It takes a lot for me to love a book of poetry. I just don’t get most of those books, figuratively and literally speaking. The poems feel like loose panels in a tapestry that I want to rearrange and sew them together.
But I always enjoy and even savour Mervyn Taylor’s books. Each poem is a vivid narrative; each poem reflects the previous poem and propels readers towards the next poem. They are entertaining, thought-provoking and most of all, they leave readers with a feeling of knowing themselves and others better. Taylor’s latest collection, Voices Carry, does all of this and more. These poems represent the tapestry of life: the beauty and innocence we have lost; the horror and callousness that engulfs us now. In a world that reduces slaughter to statistics, these poems remind us that crime – in all its many manifestations – is about people. Like the poem Bad Dream, we cannot escape the horrors even in the dark of night; even in Carnival, which was once our great escape. When the scavengers enter the picture in Death in the Mudland, Prof Perry’s life, rich in knowledge, is reduced to chaos with thieves running through his house. The thieves are reduced to rodents: rats scavenging off grief.

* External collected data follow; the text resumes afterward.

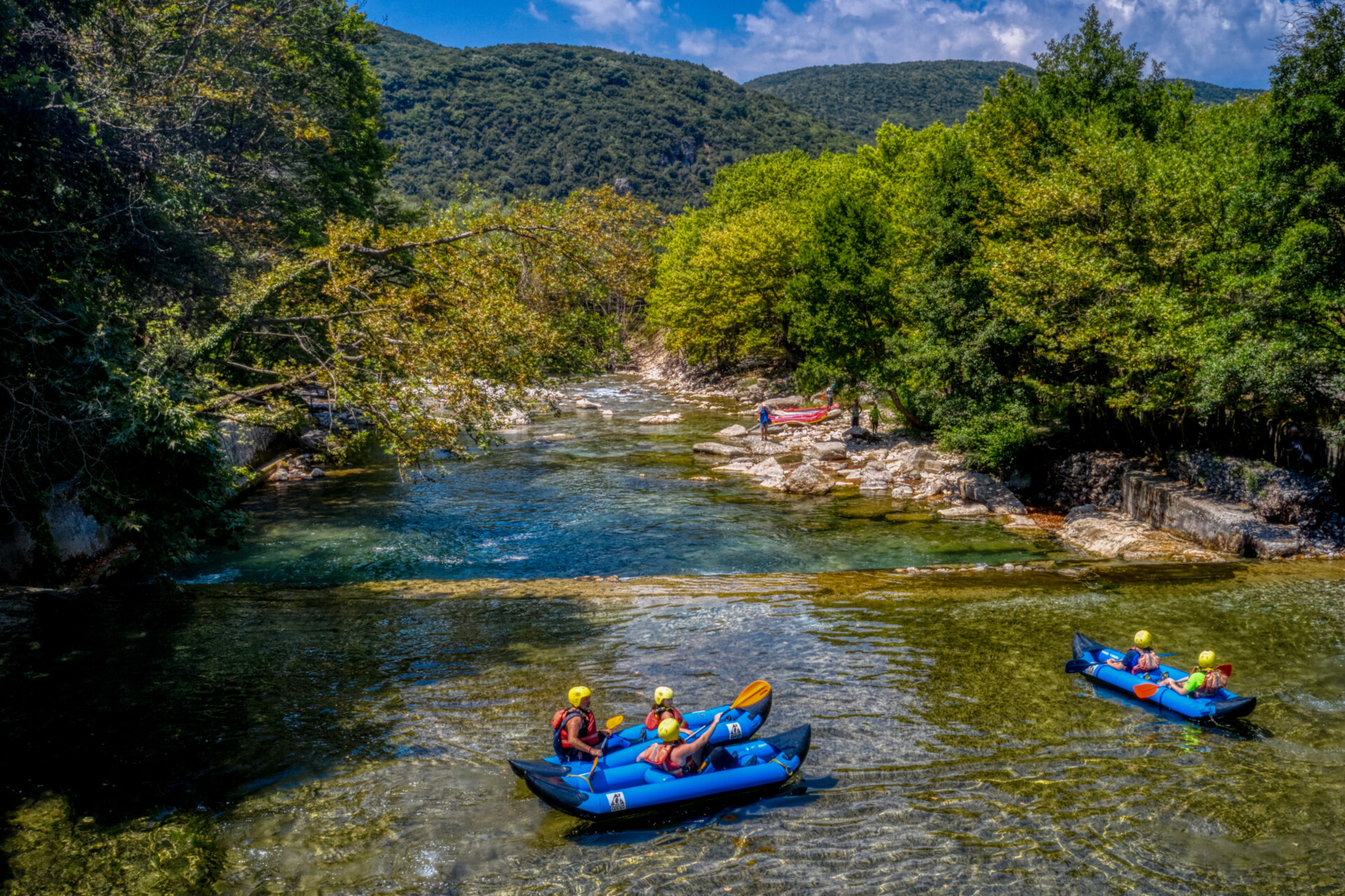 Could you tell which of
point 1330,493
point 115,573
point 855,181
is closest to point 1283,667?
point 1330,493

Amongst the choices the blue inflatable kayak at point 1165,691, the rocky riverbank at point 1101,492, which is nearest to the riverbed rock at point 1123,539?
the rocky riverbank at point 1101,492

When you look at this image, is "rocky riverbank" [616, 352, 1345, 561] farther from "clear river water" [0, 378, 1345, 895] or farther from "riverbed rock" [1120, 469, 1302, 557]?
"clear river water" [0, 378, 1345, 895]

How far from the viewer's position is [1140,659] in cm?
977

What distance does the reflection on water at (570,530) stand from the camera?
54.8 ft

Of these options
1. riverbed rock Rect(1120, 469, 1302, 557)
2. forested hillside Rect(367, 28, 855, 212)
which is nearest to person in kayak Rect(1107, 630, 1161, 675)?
riverbed rock Rect(1120, 469, 1302, 557)

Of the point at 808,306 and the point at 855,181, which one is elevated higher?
the point at 855,181

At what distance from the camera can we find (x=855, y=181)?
37562 mm

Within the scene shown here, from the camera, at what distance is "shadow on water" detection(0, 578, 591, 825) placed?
786cm

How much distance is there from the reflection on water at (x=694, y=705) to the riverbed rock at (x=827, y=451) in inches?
581

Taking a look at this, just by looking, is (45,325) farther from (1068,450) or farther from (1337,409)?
(1068,450)

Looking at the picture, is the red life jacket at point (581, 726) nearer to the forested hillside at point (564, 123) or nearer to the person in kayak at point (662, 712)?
the person in kayak at point (662, 712)

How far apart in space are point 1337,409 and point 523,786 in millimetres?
17769

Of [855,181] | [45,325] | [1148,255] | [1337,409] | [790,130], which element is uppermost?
[790,130]

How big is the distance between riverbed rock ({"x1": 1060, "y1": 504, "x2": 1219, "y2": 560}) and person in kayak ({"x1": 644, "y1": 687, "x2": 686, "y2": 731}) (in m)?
12.5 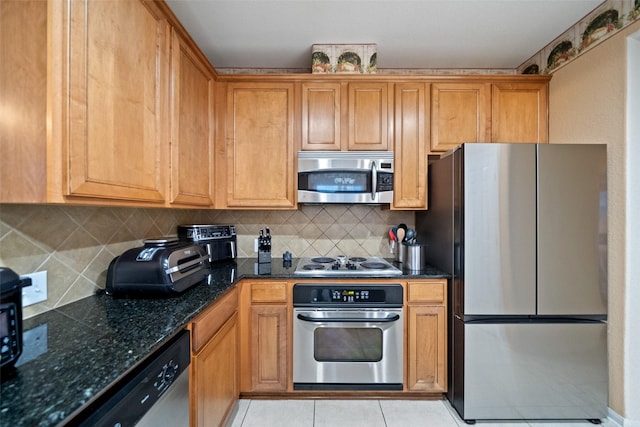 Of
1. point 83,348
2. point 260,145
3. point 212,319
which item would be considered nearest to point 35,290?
point 83,348

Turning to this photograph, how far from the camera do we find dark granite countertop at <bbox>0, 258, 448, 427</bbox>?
25.1 inches

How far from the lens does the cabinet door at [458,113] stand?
2.27 metres

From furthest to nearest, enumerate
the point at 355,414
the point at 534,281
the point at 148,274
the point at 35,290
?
the point at 355,414 → the point at 534,281 → the point at 148,274 → the point at 35,290

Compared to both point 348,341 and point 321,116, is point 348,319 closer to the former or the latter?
point 348,341

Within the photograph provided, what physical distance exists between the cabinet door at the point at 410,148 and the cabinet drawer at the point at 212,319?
1372 millimetres

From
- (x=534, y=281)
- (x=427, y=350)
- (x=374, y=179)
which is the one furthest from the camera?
(x=374, y=179)

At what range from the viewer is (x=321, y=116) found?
2.27m

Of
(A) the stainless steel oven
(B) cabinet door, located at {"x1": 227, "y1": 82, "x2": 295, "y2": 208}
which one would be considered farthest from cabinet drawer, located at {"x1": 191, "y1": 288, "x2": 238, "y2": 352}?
(B) cabinet door, located at {"x1": 227, "y1": 82, "x2": 295, "y2": 208}

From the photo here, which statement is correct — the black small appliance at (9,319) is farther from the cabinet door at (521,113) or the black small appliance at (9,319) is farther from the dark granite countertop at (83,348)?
the cabinet door at (521,113)

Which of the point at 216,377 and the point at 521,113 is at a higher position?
the point at 521,113

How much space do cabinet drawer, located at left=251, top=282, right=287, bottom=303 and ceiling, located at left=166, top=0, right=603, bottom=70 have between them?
5.74 ft

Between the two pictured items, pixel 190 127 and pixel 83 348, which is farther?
pixel 190 127

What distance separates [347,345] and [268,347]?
529 millimetres

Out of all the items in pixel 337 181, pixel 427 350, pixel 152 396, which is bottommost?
pixel 427 350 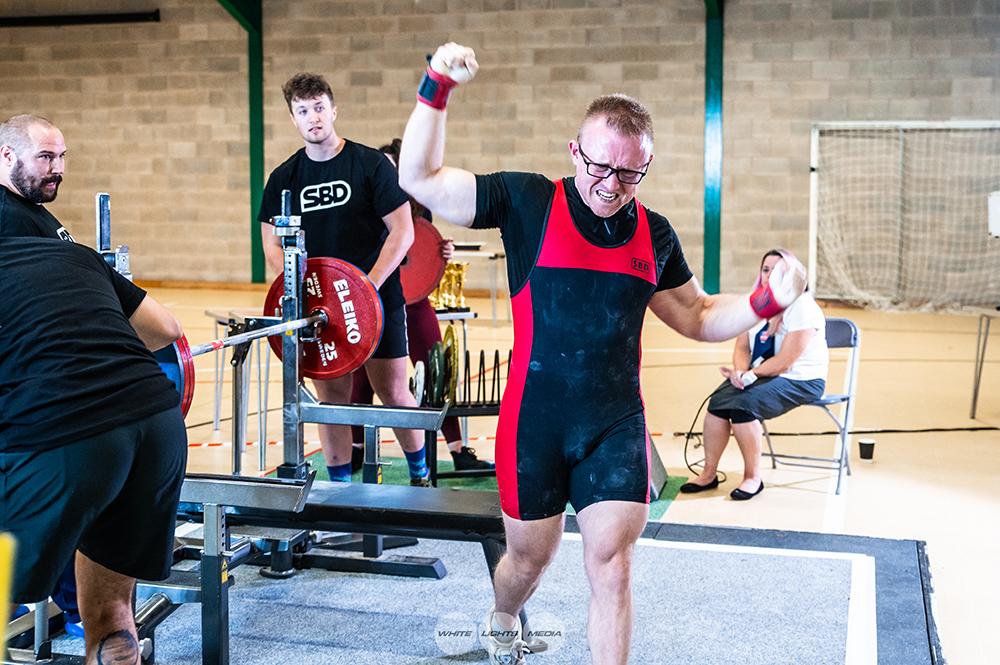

There are snippets of joyful bygone days, small celebrations – like Incoming. Taylor writes, “We used to clap whenever we, landed, to sheer as the plane shuddered to a stop.” He contrasts this with Those Who Stayed, a heart-wrenching narrative of neighbours sitting in their yards and talking about crime as they wait for the phone to ring from a relative who escaped abroad. In Enough, he asks “What if, suddenly, the spate of killings were to end?” Would we be able to forget the blood flowing?
In Only Son, he describes the death of a young man – his body like wreckage on the highway. Alma’s Advice asks, “Who are the boys we’ll root for, when they’re all dead or gone away?” It is a chilling thought; a piece of realism that cuts like a shard of glass as we ponder how meaningless life has become.
One of my favourite poems is A Kind of Valentine. “When you come to the place in the world where you think you belong, how to you know?” Taylor asks in the preface of the poem. At first, it seems The Village Where Dreams Are Kept will offer a respite from the crime, but as readers let their guard down, they are hit with Tobago Love, which reminds us even Tobago is not spared from violence. There are poems about what we lost – peace in the night, safer Carnivals, police with integrity, races at the Savannah –all images of a time when integrity reigned. Snippets of the past are sprinkled like fairy dust in these poems, reminding readers of a time when we stood for something. I found Forged from the Love a haunting reminder of Marjorie Beepathsingh, who arrested a man for not standing at attention for the national anthem. As readers move deeper into the book, there are poems about people who have disappeared. One wonders if they are victims of The Dream Thief. Three from the Garment District offer three vivid images of lives unfolding like cloth. Here are dreams, lost and found, and places once noble, crumbling now. Through vivid imagery, nostalgia and honest questions, readers feel like they have a part in constructing Taylor’s tapestry that tells the story of people still clinging to hope and some semblance of goodness.